**WHAT IS NEEDED**
With both ends included, repeat exactly the lines of the entries below from the one containing "Ligne d'échappement 1" down to the one containing "This Chocolate Pudding", and no others.

**SOURCE INFORMATION**
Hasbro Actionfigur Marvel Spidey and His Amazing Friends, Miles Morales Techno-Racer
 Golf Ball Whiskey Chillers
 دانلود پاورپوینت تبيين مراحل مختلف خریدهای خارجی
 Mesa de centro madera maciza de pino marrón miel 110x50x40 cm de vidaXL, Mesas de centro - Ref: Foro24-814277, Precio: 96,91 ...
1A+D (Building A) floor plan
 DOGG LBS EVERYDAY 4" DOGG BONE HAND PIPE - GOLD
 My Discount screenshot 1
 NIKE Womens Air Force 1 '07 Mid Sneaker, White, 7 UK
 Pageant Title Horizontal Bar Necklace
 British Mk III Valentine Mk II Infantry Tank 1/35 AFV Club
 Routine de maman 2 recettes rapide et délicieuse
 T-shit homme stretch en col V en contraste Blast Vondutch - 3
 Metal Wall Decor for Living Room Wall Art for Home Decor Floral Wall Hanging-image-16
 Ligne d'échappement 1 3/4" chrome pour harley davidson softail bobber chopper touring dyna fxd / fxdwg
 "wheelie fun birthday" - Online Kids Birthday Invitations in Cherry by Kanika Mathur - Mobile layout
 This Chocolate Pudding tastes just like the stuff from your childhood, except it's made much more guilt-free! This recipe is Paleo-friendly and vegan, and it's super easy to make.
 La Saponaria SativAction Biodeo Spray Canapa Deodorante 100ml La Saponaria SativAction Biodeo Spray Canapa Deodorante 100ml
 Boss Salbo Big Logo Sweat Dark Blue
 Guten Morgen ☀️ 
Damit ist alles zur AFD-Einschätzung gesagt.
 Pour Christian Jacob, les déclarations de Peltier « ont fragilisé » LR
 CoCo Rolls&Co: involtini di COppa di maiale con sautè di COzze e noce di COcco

**EXERCISE RESPONSE**
 Ligne d'échappement 1 3/4" chrome pour harley davidson softail bobber chopper touring dyna fxd / fxdwg
 "wheelie fun birthday" - Online Kids Birthday Invitations in Cherry by Kanika Mathur - Mobile layout
 This Chocolate Pudding tastes just like the stuff from your childhood, except it's made much more guilt-free! This recipe is Paleo-friendly and vegan, and it's super easy to make.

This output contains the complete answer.